El talante neopriista del gobierno de López Obrador desempolvó la ideología y lemas del nacionalismo revolucionario, el populismo estatista y, por supuesto, la no intervención. Sin embargo, como Echeverría, el actual presidente tiene un manejo pendular de las relaciones exteriores: reprocha que Estados Unidos prefiera apoyar a Ucrania que a Centroamérica, pero reclama el injerencismo de su socio comercial; opina de lo que sucede en Ucrania, propone planes de paz, pero critica al país invadido; condiciona su participación en la Cumbre de las Américas a que no se excluya a Cuba, Nicaragua y Venezuela. Los últimos dislates de esa cadena fueron el comunicado conjunto de Argentina, Bolivia, Colombia y México en defensa del golpista Pedro Castillo y el trámite de asilo a ese personaje. En ninguno de los dos casos el resultado fue óptimo: el mensaje del gobierno mexicano confundió la bandera guatemalteca con la argentina y López Obrador, en un lamentable ejercicio de posverdad y propaganda, afirmó que Castillo fue víctima de acoso y de un golpe blando, en el que participaron las élites económicas y políticas peruanas, así como los medios de comunicación.

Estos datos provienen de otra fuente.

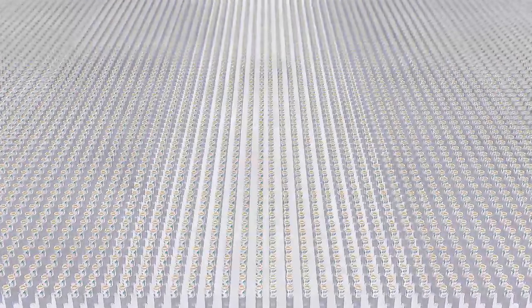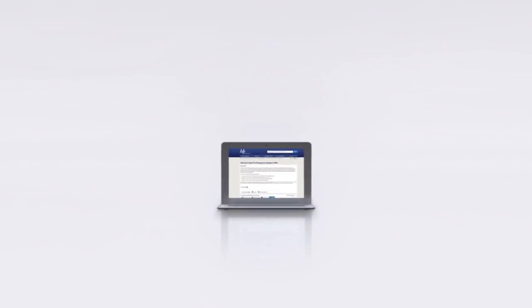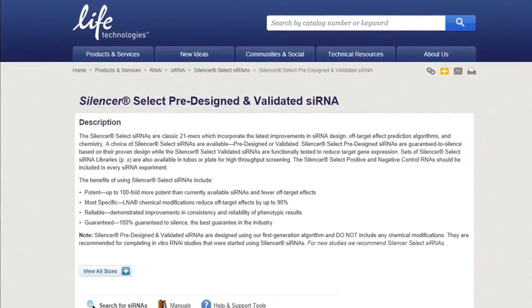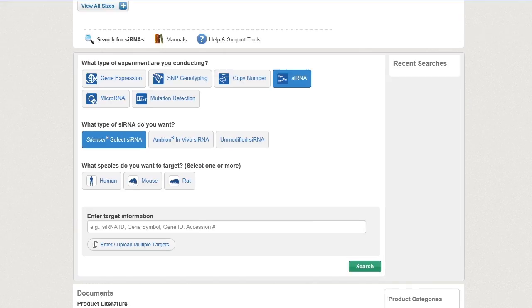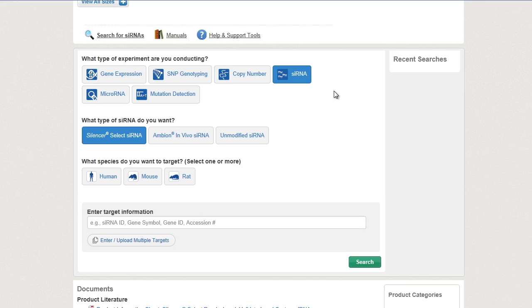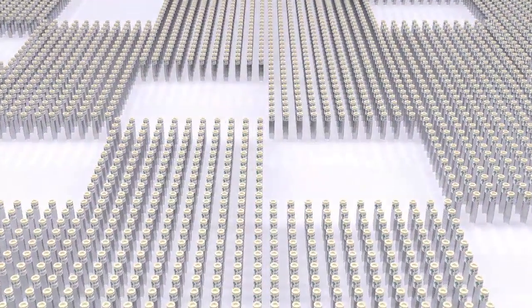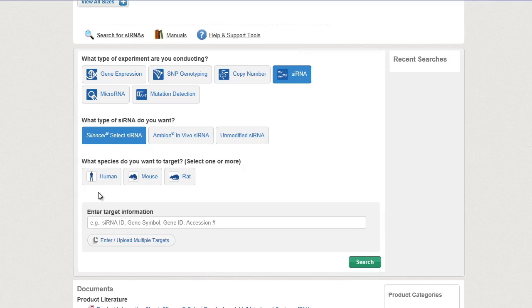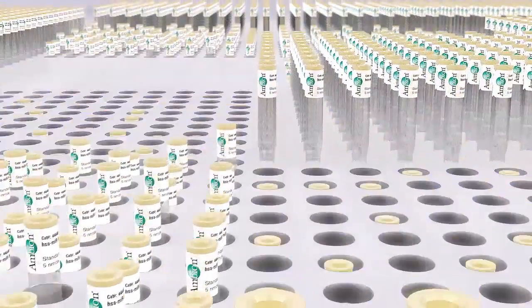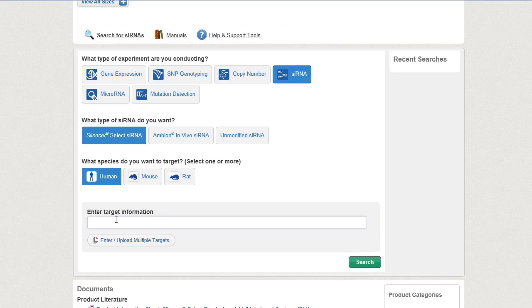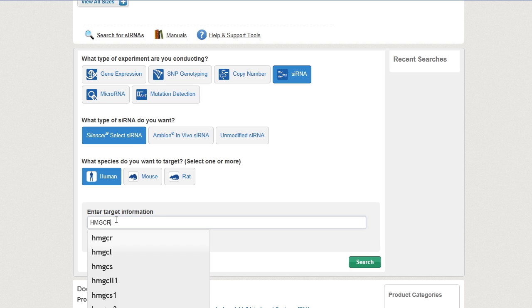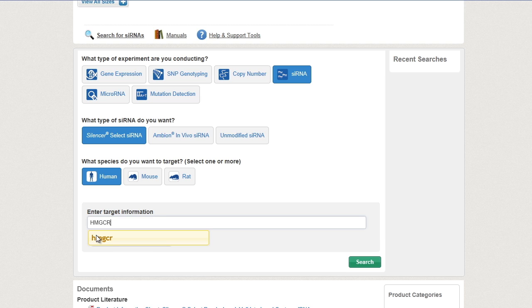It's never been easier to search the more than 200,000 siRNAs with the new genomic search tool from Life Technologies. Starting your search is a snap. Select your experiment, an siRNA type, and choose from the three different species found in the RefSeq database. Enter your target information, and the tool will automatically display search suggestions.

¿La Doctrina Estrada habilita a México para ser un refugio de tiranos? Existe una diferencia sustancial entre dar refugio a personas que huyen de la guerra y desolación, como ha hecho México en distintos momentos de su historia, y corromper la figura del asilo para proteger a autócratas y golpistas.
Es verdad que esta suma de principios no emite juicios de valor sobre la legitimidad de los gobiernos, pero, para su creador, eso no conllevaba que México mantuviera su representación diplomática si, conforme a nuestra idea del mundo, no era conveniente conservar esos lazos. En una frase, la Doctrina Estrada no implica la suspensión del juicio racional, sino la prudencia de no externarlo. Entre eso y el comodín que los gobiernos mexicanos utilizan para eludir temas difíciles a conveniencia, pero sí intervenir cuando resulte políticamente redituable, hay una distancia semejante a la que existe entre Juárez y Echeverría. Y, por sus obras, López Obrador está claramente más cerca del segundo.